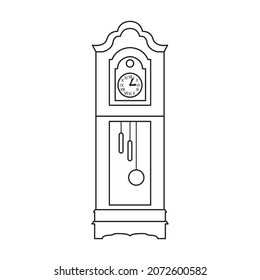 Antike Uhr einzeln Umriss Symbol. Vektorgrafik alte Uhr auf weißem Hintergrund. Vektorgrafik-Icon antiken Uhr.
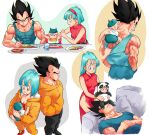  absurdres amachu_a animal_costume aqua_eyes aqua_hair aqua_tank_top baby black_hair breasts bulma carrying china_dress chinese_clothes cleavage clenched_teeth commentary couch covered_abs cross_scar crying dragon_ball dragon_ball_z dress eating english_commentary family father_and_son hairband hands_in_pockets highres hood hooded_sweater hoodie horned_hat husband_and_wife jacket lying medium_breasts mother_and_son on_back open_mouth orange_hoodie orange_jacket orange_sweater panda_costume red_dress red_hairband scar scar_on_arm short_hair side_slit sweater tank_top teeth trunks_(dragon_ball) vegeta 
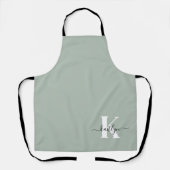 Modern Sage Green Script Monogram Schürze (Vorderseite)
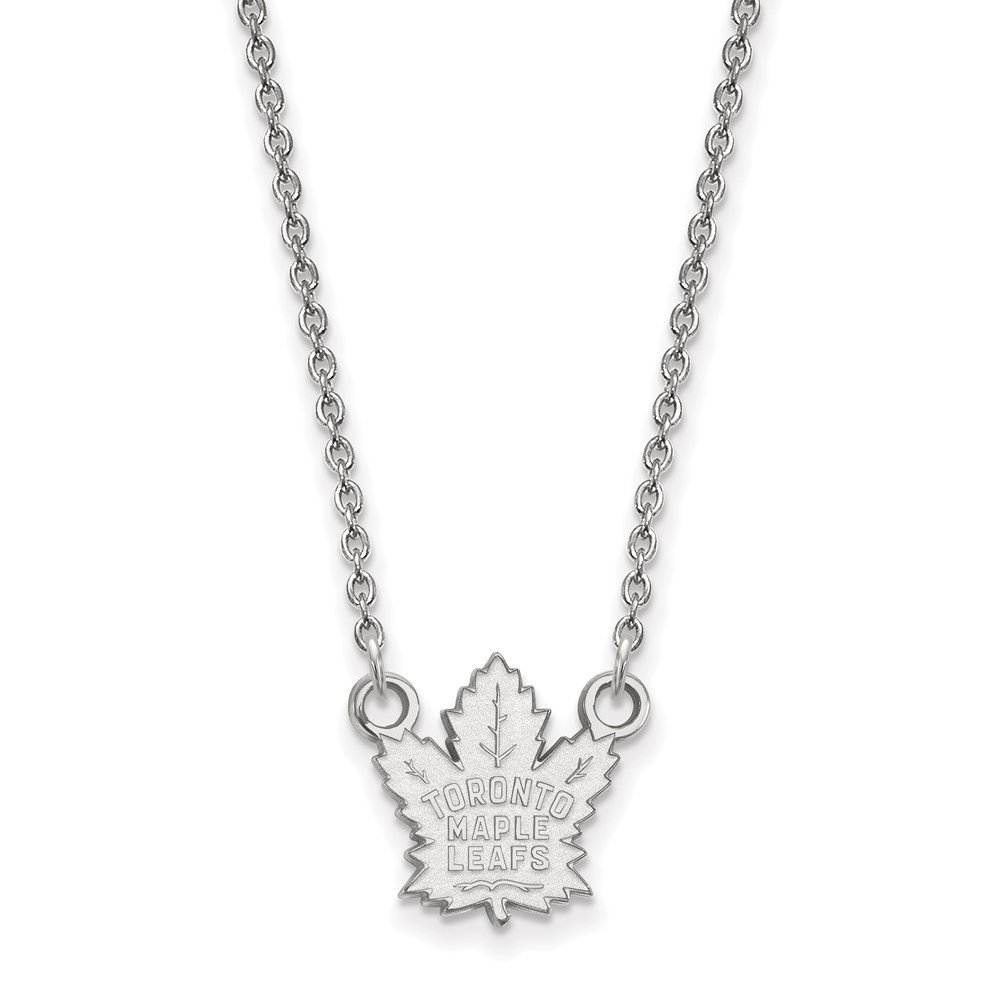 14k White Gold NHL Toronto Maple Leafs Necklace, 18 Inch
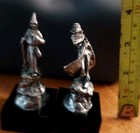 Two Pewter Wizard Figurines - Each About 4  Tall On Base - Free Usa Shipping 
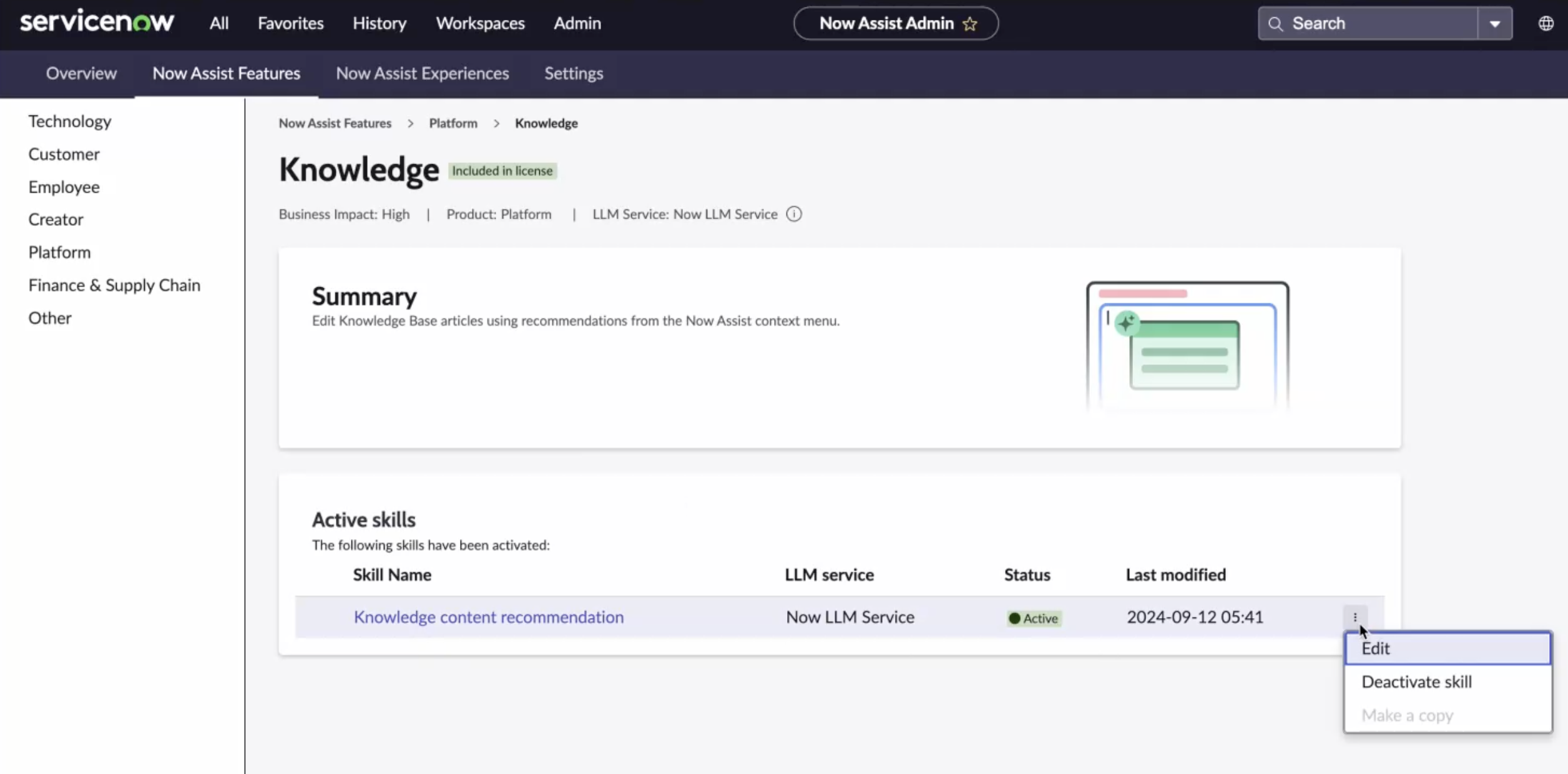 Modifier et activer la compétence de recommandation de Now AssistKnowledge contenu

====================

Problem requirements:
With the pictures excluded, transcribe word for word only the lines from the one containing "14k White Gold" through the last line of the records.

Response to this exercise:
 14k White Gold NHL Toronto Maple Leafs Necklace, 18 Inch
 Two Pewter Wizard Figurines - Each About 4  Tall On Base - Free Usa Shipping 
 Modifier et activer la compétence de recommandation de Now AssistKnowledge contenu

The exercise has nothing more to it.